Given data:
—————

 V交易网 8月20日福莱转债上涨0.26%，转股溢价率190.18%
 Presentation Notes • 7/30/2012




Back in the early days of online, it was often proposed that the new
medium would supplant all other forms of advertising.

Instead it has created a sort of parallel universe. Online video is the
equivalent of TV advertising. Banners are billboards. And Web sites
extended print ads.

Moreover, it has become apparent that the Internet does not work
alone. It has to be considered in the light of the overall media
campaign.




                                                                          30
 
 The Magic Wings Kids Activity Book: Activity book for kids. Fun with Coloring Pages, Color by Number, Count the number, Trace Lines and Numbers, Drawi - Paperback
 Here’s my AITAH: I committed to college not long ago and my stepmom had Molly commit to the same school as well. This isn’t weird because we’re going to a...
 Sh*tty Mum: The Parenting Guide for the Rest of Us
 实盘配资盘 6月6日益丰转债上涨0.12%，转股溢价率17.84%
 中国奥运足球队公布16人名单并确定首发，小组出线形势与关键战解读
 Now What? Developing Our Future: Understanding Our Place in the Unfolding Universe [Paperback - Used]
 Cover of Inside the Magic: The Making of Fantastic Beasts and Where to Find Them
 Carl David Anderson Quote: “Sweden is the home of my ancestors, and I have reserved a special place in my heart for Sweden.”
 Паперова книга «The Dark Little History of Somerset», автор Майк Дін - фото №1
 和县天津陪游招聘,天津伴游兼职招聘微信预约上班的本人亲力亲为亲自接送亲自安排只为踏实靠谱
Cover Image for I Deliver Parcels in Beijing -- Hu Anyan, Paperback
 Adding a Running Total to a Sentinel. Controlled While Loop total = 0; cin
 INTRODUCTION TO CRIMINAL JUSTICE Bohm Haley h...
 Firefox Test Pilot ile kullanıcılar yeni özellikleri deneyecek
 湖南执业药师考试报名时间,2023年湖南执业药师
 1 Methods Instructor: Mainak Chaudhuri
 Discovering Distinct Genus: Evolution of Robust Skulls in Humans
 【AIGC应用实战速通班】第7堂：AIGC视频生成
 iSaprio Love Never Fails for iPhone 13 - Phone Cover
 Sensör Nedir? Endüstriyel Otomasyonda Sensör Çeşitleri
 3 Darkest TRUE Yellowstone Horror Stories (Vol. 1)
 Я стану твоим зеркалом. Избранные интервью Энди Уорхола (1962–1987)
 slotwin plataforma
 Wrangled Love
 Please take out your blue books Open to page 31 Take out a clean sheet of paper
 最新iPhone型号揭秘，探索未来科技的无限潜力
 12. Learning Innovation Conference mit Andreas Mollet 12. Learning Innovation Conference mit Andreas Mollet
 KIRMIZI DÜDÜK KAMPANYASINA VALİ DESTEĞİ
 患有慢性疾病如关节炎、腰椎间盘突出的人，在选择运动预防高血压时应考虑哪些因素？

—————

What is expected: Write down, word for word, the lines above from the one containing "Back in the" through the one containing "Moreover, it has", both ends included.

Answer section:
Back in the early days of online, it was often proposed that the new
medium would supplant all other forms of advertising.

Instead it has created a sort of parallel universe. Online video is the
equivalent of TV advertising. Banners are billboards. And Web sites
extended print ads.

Moreover, it has become apparent that the Internet does not work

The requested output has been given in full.